Since 1987, Motts has poured his heart and soul into a museum that bares his name, collecting and receiving donations from historical events ranging from 1776 to Sept. 11, 2001.
“I was starting to collect this stuff in the 60s, and I ended up getting that sword when I was a medical photographer at the Ohio State University hospital. It was the very first thing and it inspired me to get these artifacts. And when you find things like this and you’re holding it, you realize it belonged to a real person who fought for our freedom,” said Motts.
From their home in the early days to the current location since 1999, Mott’s Military Museum has always been a family business at heart.
Warren’s daughter Lori, who is the Museum’s assistant director, said she’s been fortunate to be surrounded and encouraged by veterans her entire life.
“They’ve actually formed and shaped me. The prisoners of war, I mean we had Christmas parties with those guys every year at my house. I do feel lucky to be able to do what I’m doing here with dad because it’s hard work, and dad works 24 hours a day, but it’s his labor of love,” said Lori.
At 80-years-old, Motts said he’s far from saying mission accomplished.
Several years ago, he was able to acquire a fire truck, police car and concrete slab from one of the Twin Towers, artifacts of Sept. 11, 2001.
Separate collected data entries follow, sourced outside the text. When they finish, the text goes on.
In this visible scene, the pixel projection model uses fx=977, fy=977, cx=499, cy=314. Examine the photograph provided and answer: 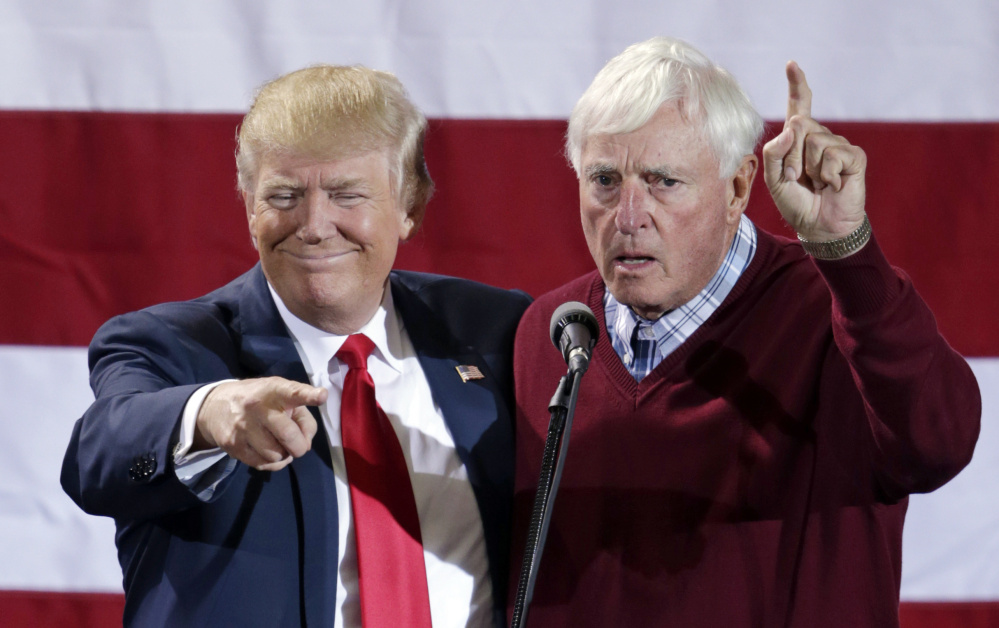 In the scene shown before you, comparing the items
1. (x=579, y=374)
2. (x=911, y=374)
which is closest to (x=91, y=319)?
(x=579, y=374)

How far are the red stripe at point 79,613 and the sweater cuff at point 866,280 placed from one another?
4.28 feet

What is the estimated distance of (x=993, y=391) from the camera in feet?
6.73

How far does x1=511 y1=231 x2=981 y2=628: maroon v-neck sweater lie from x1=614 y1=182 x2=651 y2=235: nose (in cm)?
18

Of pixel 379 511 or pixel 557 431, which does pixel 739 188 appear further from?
pixel 379 511

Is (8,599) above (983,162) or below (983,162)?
below

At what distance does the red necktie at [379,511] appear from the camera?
127 centimetres

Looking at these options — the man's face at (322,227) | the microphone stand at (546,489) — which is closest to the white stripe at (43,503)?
the man's face at (322,227)

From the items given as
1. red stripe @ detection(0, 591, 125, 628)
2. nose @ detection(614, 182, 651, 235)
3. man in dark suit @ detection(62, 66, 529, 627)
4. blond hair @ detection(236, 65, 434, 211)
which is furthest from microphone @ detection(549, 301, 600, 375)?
red stripe @ detection(0, 591, 125, 628)

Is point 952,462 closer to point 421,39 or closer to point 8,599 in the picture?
point 421,39

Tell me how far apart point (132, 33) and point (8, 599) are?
1.23 metres

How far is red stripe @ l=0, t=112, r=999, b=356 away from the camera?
2.05m

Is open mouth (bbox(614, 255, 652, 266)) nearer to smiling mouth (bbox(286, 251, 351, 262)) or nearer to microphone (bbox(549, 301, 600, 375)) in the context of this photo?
microphone (bbox(549, 301, 600, 375))

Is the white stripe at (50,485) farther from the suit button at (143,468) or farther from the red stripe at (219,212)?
the suit button at (143,468)

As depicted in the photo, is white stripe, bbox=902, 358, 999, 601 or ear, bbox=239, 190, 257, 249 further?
white stripe, bbox=902, 358, 999, 601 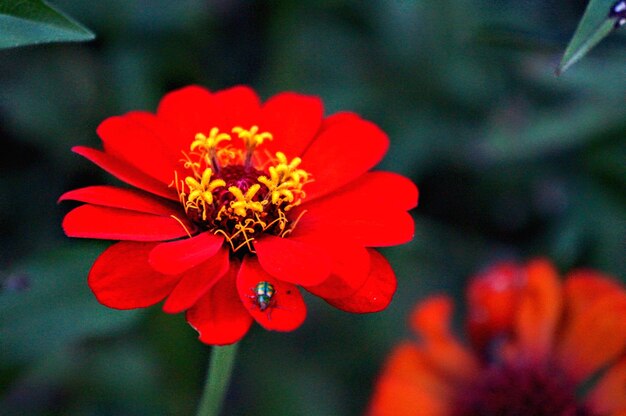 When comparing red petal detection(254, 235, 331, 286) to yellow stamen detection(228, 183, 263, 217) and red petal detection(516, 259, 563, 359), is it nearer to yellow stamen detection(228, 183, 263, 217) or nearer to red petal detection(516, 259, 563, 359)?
yellow stamen detection(228, 183, 263, 217)

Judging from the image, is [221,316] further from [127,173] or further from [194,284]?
[127,173]

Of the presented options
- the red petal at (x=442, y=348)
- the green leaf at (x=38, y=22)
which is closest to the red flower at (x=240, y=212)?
the green leaf at (x=38, y=22)

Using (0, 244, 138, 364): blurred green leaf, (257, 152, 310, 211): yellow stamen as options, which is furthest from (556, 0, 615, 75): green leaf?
(0, 244, 138, 364): blurred green leaf

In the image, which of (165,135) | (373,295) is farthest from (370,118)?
(373,295)

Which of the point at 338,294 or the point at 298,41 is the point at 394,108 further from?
the point at 338,294

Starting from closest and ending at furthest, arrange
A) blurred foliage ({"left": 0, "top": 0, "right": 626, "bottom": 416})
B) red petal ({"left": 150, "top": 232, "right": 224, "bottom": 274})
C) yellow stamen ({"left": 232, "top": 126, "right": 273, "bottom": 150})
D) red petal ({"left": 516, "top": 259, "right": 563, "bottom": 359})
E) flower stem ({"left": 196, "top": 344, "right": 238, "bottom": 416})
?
red petal ({"left": 150, "top": 232, "right": 224, "bottom": 274}), flower stem ({"left": 196, "top": 344, "right": 238, "bottom": 416}), yellow stamen ({"left": 232, "top": 126, "right": 273, "bottom": 150}), red petal ({"left": 516, "top": 259, "right": 563, "bottom": 359}), blurred foliage ({"left": 0, "top": 0, "right": 626, "bottom": 416})

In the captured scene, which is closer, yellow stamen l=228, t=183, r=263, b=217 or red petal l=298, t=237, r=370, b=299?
red petal l=298, t=237, r=370, b=299

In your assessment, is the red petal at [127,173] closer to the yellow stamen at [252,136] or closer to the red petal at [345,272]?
the yellow stamen at [252,136] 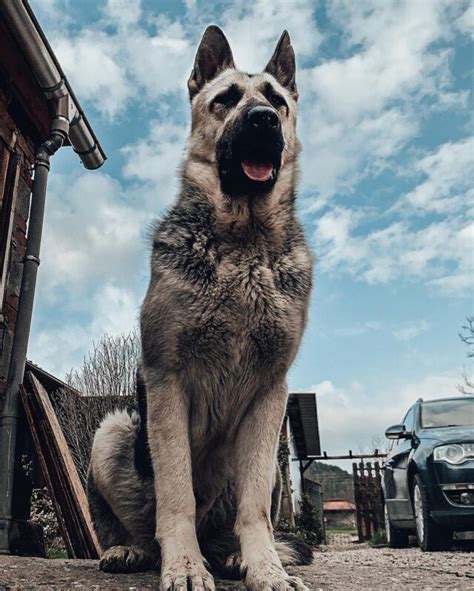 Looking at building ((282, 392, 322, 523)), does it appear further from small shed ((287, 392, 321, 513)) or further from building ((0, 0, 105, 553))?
building ((0, 0, 105, 553))

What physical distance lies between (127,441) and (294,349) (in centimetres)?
116

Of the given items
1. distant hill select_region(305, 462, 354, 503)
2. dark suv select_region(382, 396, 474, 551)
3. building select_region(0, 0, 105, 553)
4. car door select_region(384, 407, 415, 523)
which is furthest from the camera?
distant hill select_region(305, 462, 354, 503)

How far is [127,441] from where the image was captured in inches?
146

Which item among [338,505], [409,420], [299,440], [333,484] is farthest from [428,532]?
[338,505]

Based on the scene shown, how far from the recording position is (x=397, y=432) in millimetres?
7824

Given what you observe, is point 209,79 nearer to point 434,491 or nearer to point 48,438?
point 48,438

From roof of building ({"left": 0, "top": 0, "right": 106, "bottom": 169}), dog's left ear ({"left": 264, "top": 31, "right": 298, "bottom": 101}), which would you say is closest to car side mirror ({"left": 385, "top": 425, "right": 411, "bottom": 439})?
dog's left ear ({"left": 264, "top": 31, "right": 298, "bottom": 101})

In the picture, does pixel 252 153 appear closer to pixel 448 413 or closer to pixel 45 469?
pixel 45 469

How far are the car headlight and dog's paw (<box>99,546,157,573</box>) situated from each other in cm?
438

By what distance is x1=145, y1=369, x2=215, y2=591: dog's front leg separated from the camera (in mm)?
2723

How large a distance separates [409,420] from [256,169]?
5.77m

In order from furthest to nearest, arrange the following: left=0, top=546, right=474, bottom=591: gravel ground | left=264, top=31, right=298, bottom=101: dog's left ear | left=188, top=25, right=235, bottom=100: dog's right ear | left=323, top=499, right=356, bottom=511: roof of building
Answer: left=323, top=499, right=356, bottom=511: roof of building → left=264, top=31, right=298, bottom=101: dog's left ear → left=188, top=25, right=235, bottom=100: dog's right ear → left=0, top=546, right=474, bottom=591: gravel ground

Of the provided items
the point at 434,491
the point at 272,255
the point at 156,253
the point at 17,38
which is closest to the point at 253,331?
the point at 272,255

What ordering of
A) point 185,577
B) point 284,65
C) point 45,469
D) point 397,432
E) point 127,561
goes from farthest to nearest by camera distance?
point 397,432 < point 45,469 < point 284,65 < point 127,561 < point 185,577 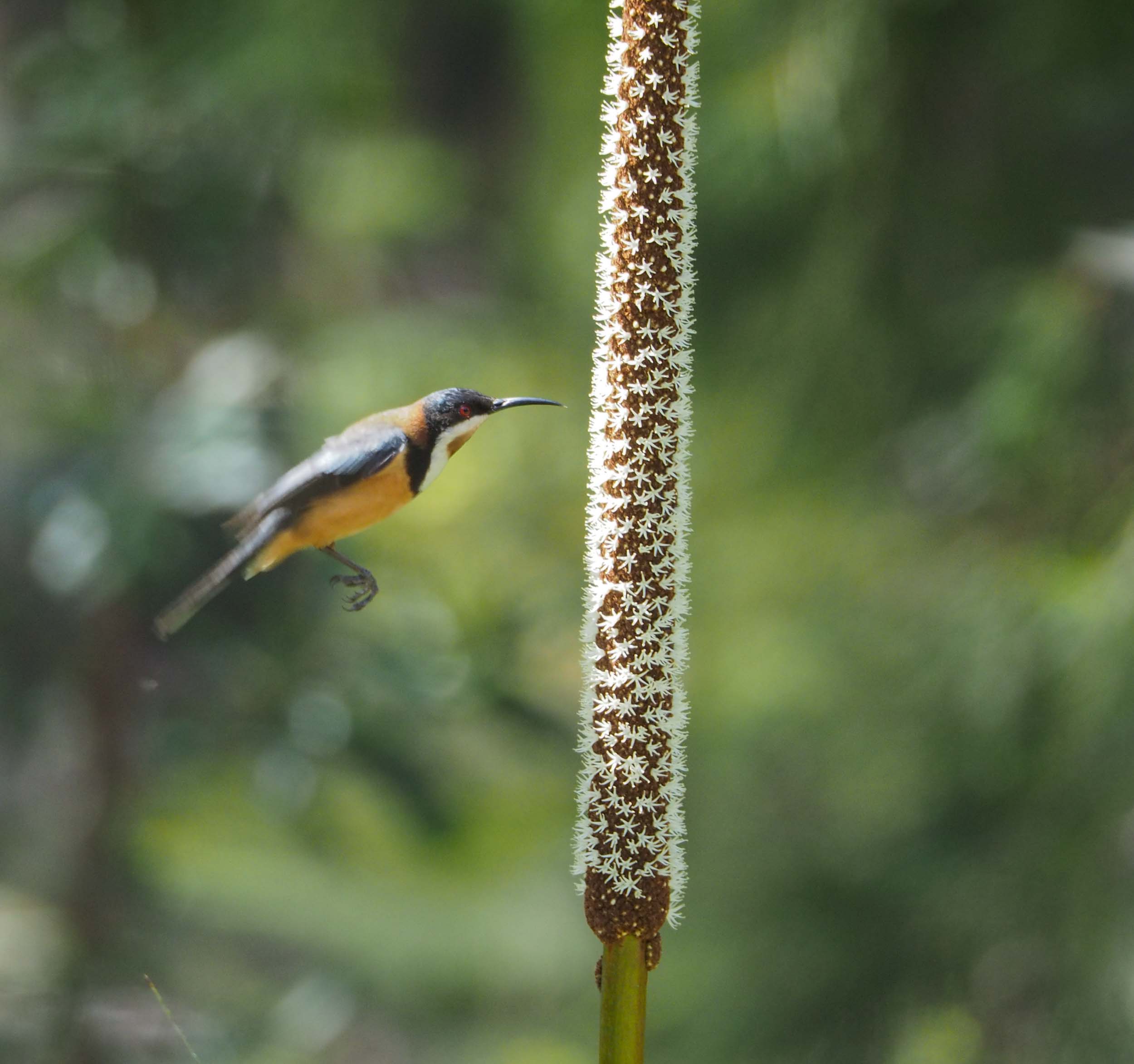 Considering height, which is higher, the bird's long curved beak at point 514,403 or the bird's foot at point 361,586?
the bird's long curved beak at point 514,403

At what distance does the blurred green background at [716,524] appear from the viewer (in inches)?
43.4

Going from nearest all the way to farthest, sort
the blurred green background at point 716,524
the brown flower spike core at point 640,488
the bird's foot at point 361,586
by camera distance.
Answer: the brown flower spike core at point 640,488 < the bird's foot at point 361,586 < the blurred green background at point 716,524

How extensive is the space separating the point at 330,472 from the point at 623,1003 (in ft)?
0.65

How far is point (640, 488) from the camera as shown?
12.6 inches

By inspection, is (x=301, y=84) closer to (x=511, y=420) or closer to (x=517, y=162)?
(x=511, y=420)

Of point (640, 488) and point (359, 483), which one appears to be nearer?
point (640, 488)

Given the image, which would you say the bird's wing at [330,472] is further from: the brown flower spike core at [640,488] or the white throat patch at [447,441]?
the brown flower spike core at [640,488]

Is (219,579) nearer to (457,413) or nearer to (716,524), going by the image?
(457,413)

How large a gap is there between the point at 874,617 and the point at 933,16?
63 cm

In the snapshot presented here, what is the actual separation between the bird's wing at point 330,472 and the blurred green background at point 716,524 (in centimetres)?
57

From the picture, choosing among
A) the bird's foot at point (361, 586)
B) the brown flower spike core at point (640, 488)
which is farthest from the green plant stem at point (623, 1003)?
the bird's foot at point (361, 586)

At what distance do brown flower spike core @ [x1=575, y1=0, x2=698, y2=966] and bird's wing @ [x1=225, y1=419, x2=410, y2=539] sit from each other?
0.12 metres

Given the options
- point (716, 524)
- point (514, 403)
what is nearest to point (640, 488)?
point (514, 403)

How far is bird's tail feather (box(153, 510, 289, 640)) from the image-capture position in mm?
301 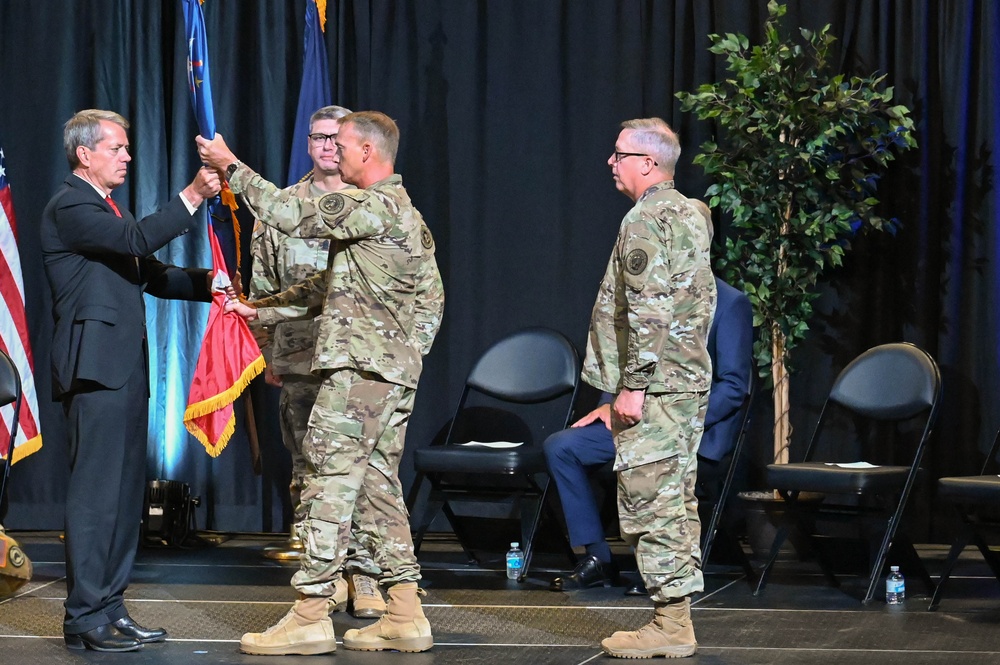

His hope is to raise $5 million and build the second largest 9/11 exhibit in the country, only rivaled by the Ground Zero exhibit in New York City.
“When I lost my wife, I thought that was it. But I had to do this for her because she loved this whole thing and there’s so much going on that it gives me purpose, and I got to get this done,” said Motts.
Whether it’s his 5,000+ square feet of memorabilia, photographs, planes and memorials, Motts said he just wants all visitorw, no matter the generation, to appreciate history and the sacrifices of those who have come before us.
“Those who have preserved our freedom, and a lot of them who never came back. And when I get the veterans in here, it makes them feel really good to because somebody cares,” said Motts.